People rightfully want a solution but some want one to appear – as if out of nowhere – even as they express the unwarranted sentiment that Muskrat is solely a NL problem.

It’s as if they are willing to risk self-immolation just so that the issue is resolved. They should be careful what they wish for.

Each passing day the Provincial Government is content to let the Feds off the hook as Muskrat related debt continues to grow.

It is impossible to understand Ball’s calculation. He adds to the reasons we worry about him.
A recent story in the Financial Post written by former Telegram reporter James McLeod quotes the Premier about NL’s financial woes and whether the Feds are engaged in the issue. He told McLeod that Federal Finance Minister “Morneau and the Prime Minister is aware of the situation, and discussions are happening”. And Ball added: “There’s no need to have that discussion (about bankruptcy) right now, because we’re having better discussions at better tables”.

Unfortunately, Ball did not offer a glimpse as to whose “better tables” are being visited and the nature of the discussions underway.

Yet, the public should know – have a right to know - what the parties involved are and what has been put on those tables on our behalf.

That is one dimension. There is another.  The Ball Administration has shown no leadership on the deficit or on budgetary issues generally.  We have reason to ask: what is it that affords people to think that this Government has the skill-set to navigate a problem so large that it is defined by the starkest of choices: 50 years of deep fiscal pain or insolvency?

The warning that I have for readers is that they would be unwise if they allow the solution to Muskrat to remain out of their hands. They might remember that that the then Government’s hyperbole and untruth paved a path to Muskrat Falls sanction. Ball has failed to show how his Administration is any different.

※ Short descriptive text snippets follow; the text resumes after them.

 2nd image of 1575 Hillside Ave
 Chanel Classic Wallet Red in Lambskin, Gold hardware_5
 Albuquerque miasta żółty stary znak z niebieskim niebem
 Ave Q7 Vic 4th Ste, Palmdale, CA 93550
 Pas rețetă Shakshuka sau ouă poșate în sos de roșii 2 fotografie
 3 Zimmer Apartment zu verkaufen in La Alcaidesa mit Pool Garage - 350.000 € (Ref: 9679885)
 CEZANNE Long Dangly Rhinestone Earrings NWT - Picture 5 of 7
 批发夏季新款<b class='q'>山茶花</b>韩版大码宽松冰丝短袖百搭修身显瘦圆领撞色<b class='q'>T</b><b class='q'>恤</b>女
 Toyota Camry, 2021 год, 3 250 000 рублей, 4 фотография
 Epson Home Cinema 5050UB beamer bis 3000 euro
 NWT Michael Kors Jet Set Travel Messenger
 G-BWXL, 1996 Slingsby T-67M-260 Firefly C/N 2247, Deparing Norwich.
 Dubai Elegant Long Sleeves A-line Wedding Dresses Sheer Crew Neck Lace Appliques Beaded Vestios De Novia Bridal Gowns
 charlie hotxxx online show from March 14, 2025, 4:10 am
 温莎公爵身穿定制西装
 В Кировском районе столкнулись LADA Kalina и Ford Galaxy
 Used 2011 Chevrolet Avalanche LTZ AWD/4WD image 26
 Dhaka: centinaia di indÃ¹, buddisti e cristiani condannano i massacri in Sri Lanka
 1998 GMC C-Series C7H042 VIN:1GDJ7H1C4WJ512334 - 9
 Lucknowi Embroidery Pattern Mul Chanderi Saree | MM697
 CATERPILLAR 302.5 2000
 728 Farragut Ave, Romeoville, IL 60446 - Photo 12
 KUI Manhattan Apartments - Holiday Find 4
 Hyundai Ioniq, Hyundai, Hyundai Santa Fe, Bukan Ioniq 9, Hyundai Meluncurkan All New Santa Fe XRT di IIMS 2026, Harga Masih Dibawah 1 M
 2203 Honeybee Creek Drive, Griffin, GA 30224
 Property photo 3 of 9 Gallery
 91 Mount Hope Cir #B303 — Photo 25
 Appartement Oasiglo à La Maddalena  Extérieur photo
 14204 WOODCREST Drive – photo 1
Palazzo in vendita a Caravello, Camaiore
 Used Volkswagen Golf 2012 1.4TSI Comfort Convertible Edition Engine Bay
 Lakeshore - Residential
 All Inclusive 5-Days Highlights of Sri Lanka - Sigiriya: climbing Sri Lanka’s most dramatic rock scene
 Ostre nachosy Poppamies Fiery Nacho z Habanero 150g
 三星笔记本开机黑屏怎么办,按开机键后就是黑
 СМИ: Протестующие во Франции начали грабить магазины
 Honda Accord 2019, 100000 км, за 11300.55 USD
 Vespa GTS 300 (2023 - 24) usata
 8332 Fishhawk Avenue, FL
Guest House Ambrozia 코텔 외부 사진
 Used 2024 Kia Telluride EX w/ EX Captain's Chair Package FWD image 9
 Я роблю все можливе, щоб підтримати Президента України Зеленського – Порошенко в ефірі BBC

Muskrat is not some garden variety cock-up. The problem is huge. It will affect lives and jobs and public services. And it will threaten new investment in the province. The problem should be dealt with now but any “fix” must not only include the Feds; it must be negotiated by skilful people. Wee before any conclusion is reached the public must be consulted. 
There is a useful and transparent route to dealing with this vital issue.

But first it is worth noting that we cannot depend upon the Commission of Inquiry into Muskrat Falls for these solutions. The Commission has simply been directed to consider “how to balance or apportion the financial costs of an electrical generation project like Muskrat Falls as between power consumers and all of the Provinces' taxpayers”. 

Nor is the timing of the Final Report in alignment with our deteriorating financial condition – which will speed up once commissioning occurs and the requirement of another $850 million annually (and rising every year for the next 49 years) is required to service the interest and the operating cost of the project.

Rather I suggest a Panel of financial experts – real ones – not partisan hacks or the fake experts behind Nalcor – should be assembled and given a mandate to analyse the state of the Province’s finances. The Panel would recommend the most viable solutions available to deal with our impending fiscal implosion.

Again, the Federals Government’s complicity must be part of that assessment.
It would be unconscionable that both a provincial general election and a federal election are held in 2019 with an electorate denied the facts as to a Province in peril. It would be even more parlous if the Government rolls the dice on amateur hour – putting assets on some as yet unknown table – robbing in the bargain the basis of any hope this province has for a brighter future.

The one or two percent of the population who have the ability to influence the Ball Administration and alter an incomplete or unwise outcome of our financial circumstance have their work cut out.